1つの出版社で、1ヶ月に何冊の本が刊行されるかご存じでしょうか。

出版社の規模にもよりますが、2、3冊〜数十冊まで、さまざま。大手であればあるほど刊行点数は増えるのですが、営業で力を入れて売るものは数点。さらに、新聞広告やPRのための予算を割いてもらえるのは、売れている本だけです。

つまり、実績のない若手編集者のつくった、売れるか売れないかわからない本は、まず取り上げてもらえません。それでも取次が全国の書店へ新刊を流通させてくれるので、書店に置かれることは置かれます。

(が、営業が何のケアもしなければ、書店へ配本されても箱に入ったまま、店頭に並ばない本も当然相当数あるでしょう。)

よく著者さんから、「どこそこの書店へ行ったけれど置いていなかった」「amazonの在庫が切れている」というクレームが届きますが、売れていない本はすぐに店頭から下げられてしまうので、そのケアに時間を割けないことや、増刷しても売れる見込みがないので在庫が品薄でもそのままにしておく、ということがあります。もちろんそんなことは著者さんには口が裂けても言いません。

もちろん編集者は、どんな人でも、自分がつくった本は売れてほしいと思っています。そこで「担当作をめぐる社内政治問題」が浮上してくるわけです。

少しでも売れそうな兆候があれば、よい営業部であれば、それを見て取ってすぐに対策を打ちます。兆候があるのにそれを見送られてしまう書籍の場合、単純に営業部が見落としているのでなければ、担当編集者と営業担当者、著者と営業担当者の関係が良くないことがあります。また、代表が方針として「こういったカラーのものにのみ広告をうつ。

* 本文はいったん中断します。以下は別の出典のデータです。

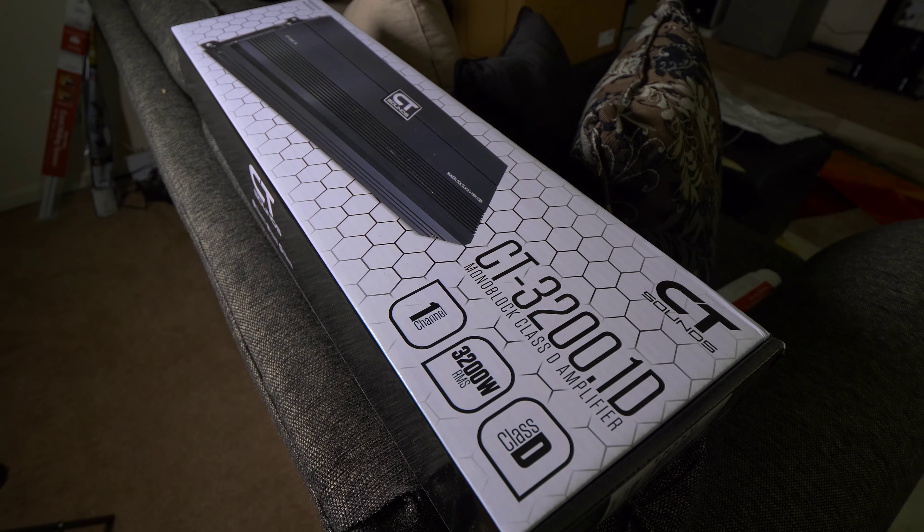Yo, Kenface Guy here. What's going on YouTube? Welcome back to the channel. We are about to unbox the CT Sound CT3200.1D Monoblock Amplifier. I had to pick this one up for myself because it's time for a little bit of an upgrade.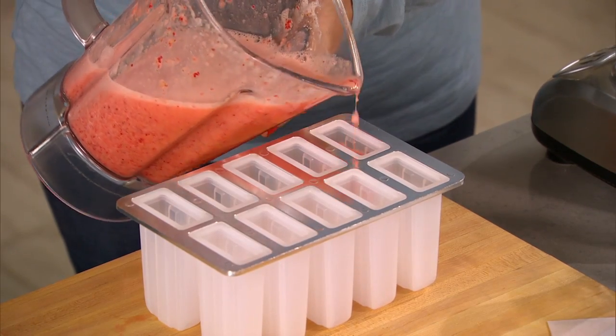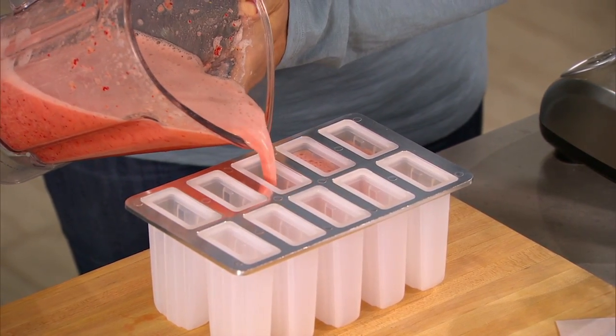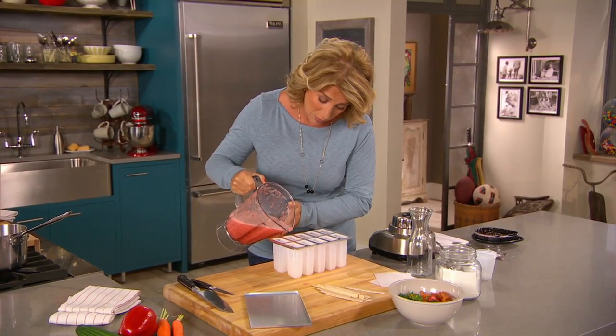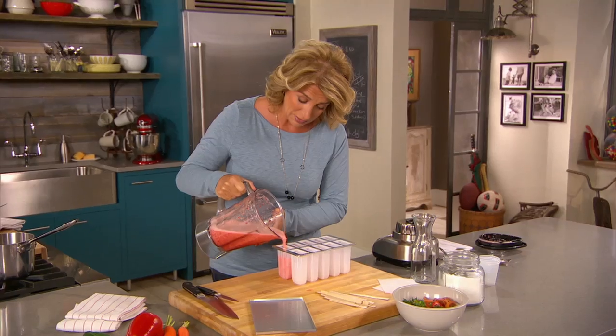It should be easy enough to just pour it carefully into the molds. Fill them all up and get these in the freezer. When they're really just clamoring for something sweet, this will totally satisfy the sweet tooth.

力を入れる」と指示しているとか、編集者に実績がない場合は信頼がなく放置されることもあります。

いずれにせよ、私のように実績がない編集者が出した本で、でも自分で「売れる!」と信じているものに関しては、「どこどこのお店に置いてきてください」と言いに行ったり、ポップやパネルといった、書店における販促用の拡材をつくって渡したり、書店員さんに売り込みやすいキャッチコピーをさりげなく営業マンに伝えたりします。

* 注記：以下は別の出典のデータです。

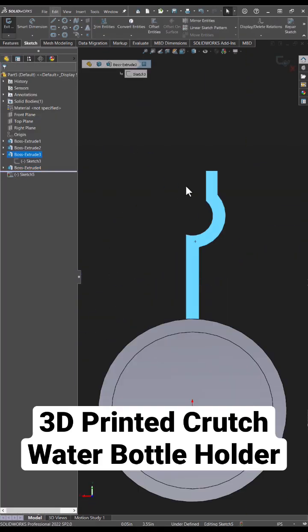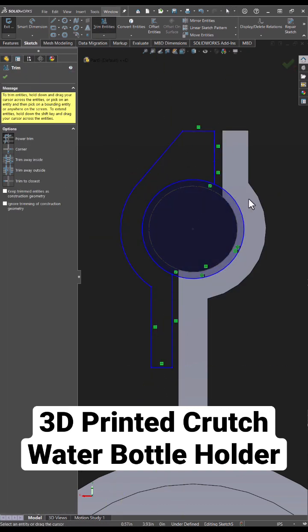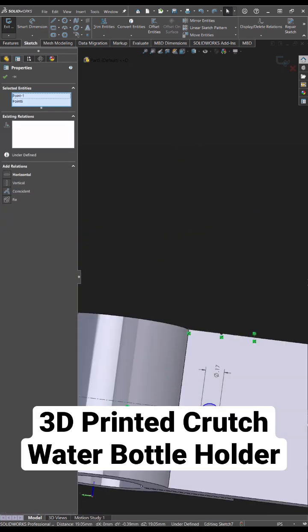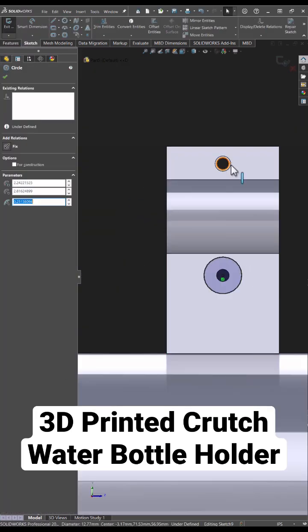I used a split clamp design to mount it onto the crutch and I have a three and a half inch hole for the bottle. The entire piece is about a quarter inch thick. I think this will be adequate for the loads expected.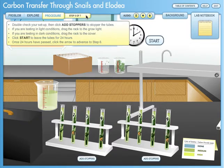Double-check your setup, then click Add Stoppers to stopper the tubes. If you are testing in light conditions, drag the rack to the grow light. If you are testing in dark conditions, drag the rack to the cover. Click Start to leave the tubes for 24 hours. Once 24 hours have passed, click the arrow to advance to step 6.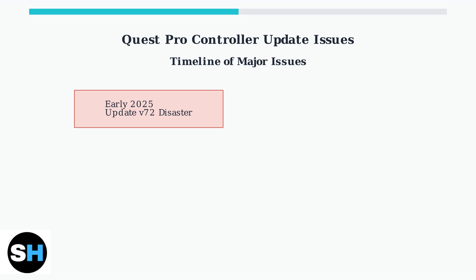Some users reported controllers wouldn't link up at all. By June 2025, some users reported improvements with Quest Pro controllers and Quest 3 compatibility, but there's no guarantee these issues won't return with future updates.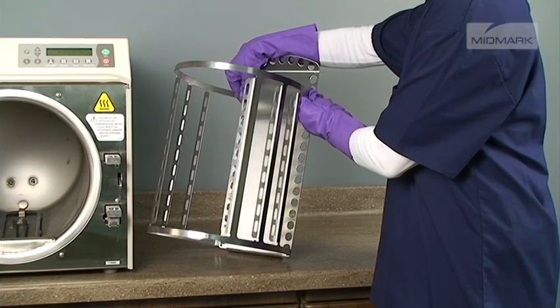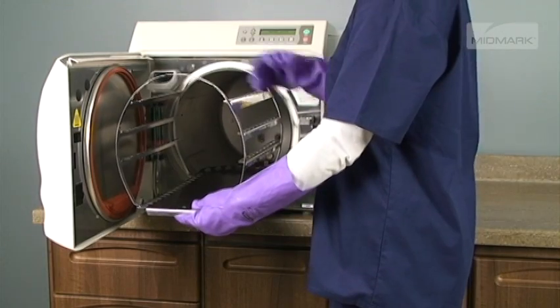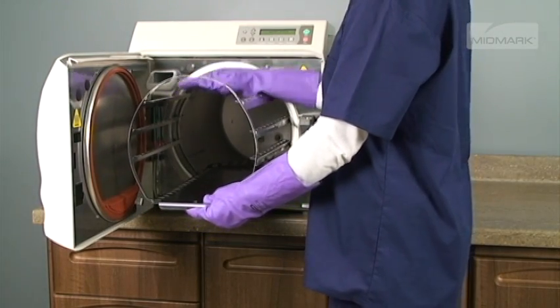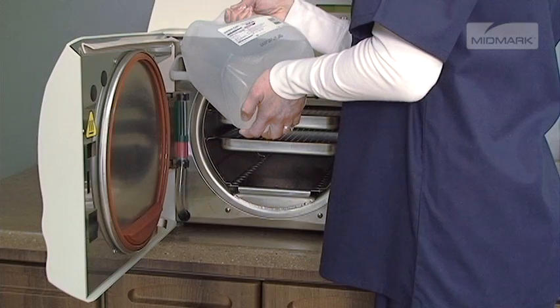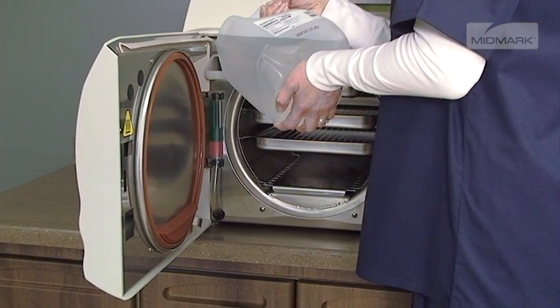To install the tray rack and plate back in the unit, insert the tray rack into the tray plate. Press down on the tray rack while sliding it into the chamber.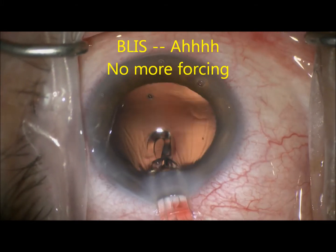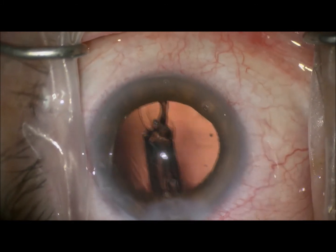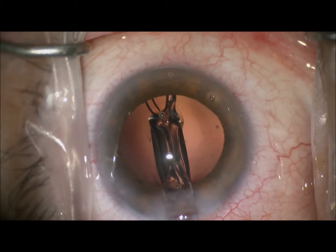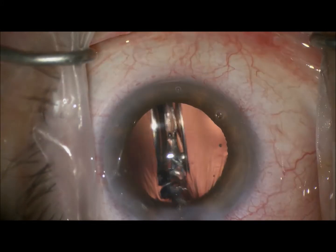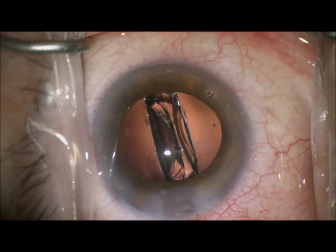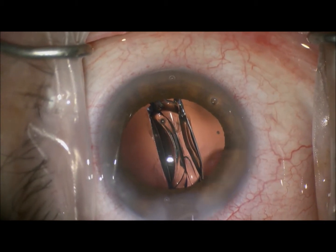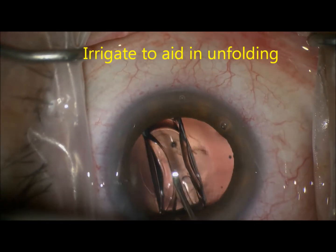We simply turn the screw inserter and inject the lens into the posterior chamber. Once there, we'll use a technique to first position the lens completely in the posterior chamber, and then we'll use some fluid injected within the lens to aid in its unfolding.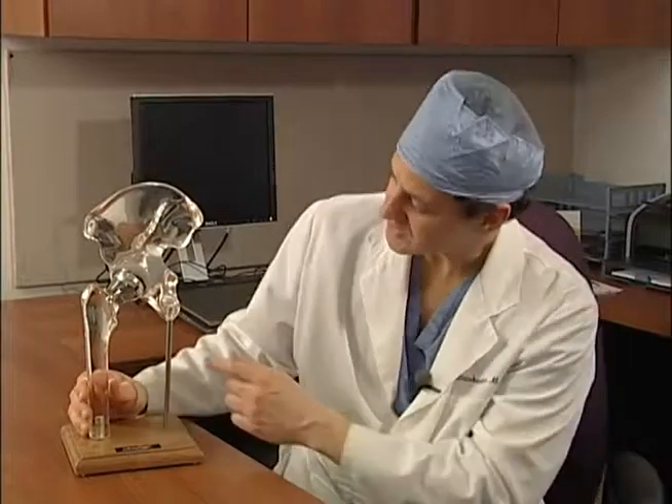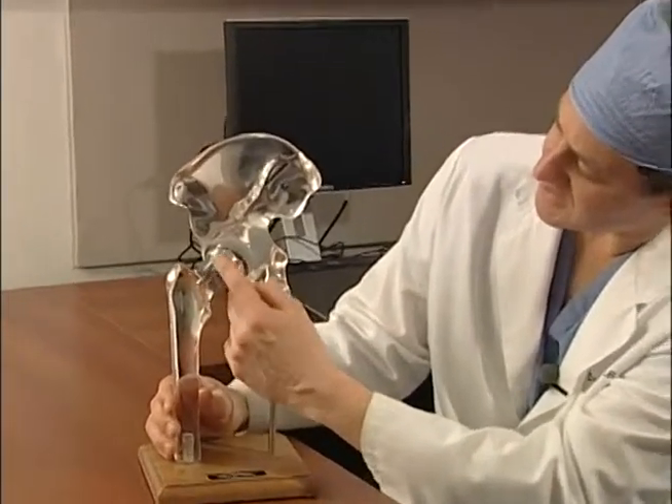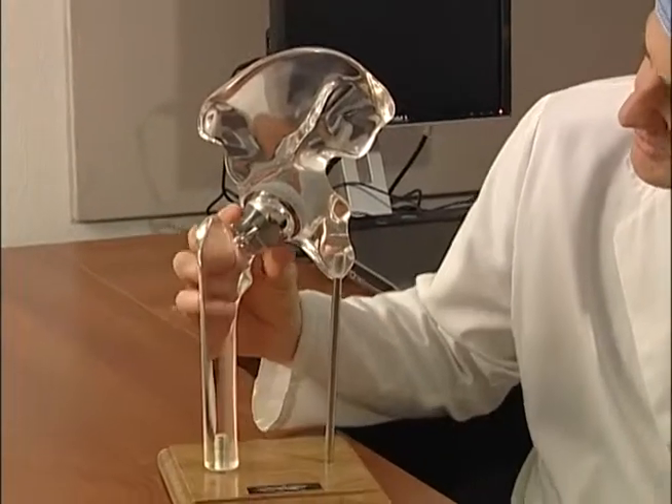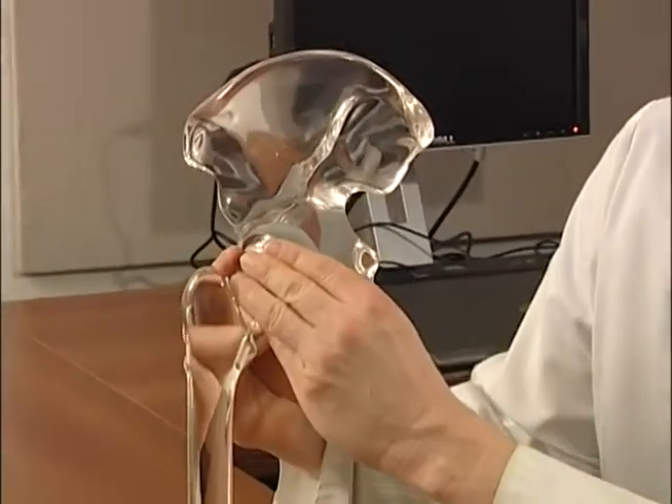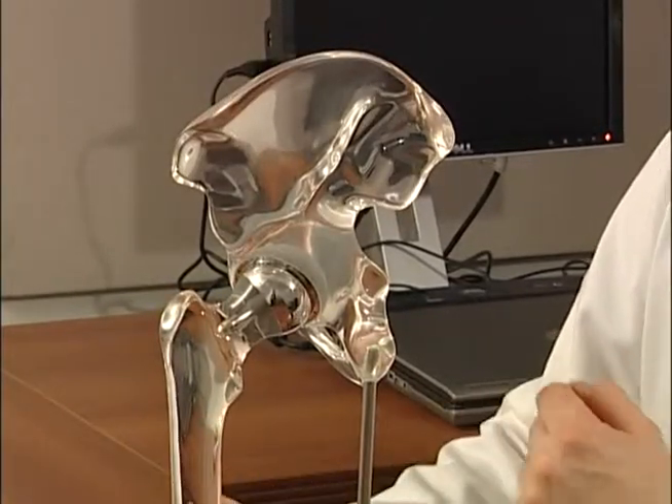So the more bone we start with in a young patient the better. You can see in the hip resurfacing we retain all of this femoral neck and the femoral head underneath this ball, and in a hip replacement all of this bone is taken away. So this is one of the great advantages for a younger patient.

編集者の仕事は、クリエイティブのように思われることも多いのですが、いい本をつくるということだけでなく、このような社内政治で大事な企画を勝たせなければなりません。

それができないと、せっかく売れる本なのにほどほどの売れに収まってしまうこともあります。

少し話が逸れてしまいましたが、本もひとつの商材である以上、ひとつの会社の中でも優遇される本と、そうではない本があります。もし作家志望の人がいたら、出版社を選ぶ場合は、出版社の得意としているジャンルを見極めた上で、誠意を持って企画を守ってくれる編集者をうまく見極めてください。

編集者志望の人は、「クリエイティブな仕事」という思い込みだけで編集職を選ぶのはやめましょう。どちらかというと、人の人の仕事の調整をすることが多いので、相手の嫌な面を見ることも多い仕事です。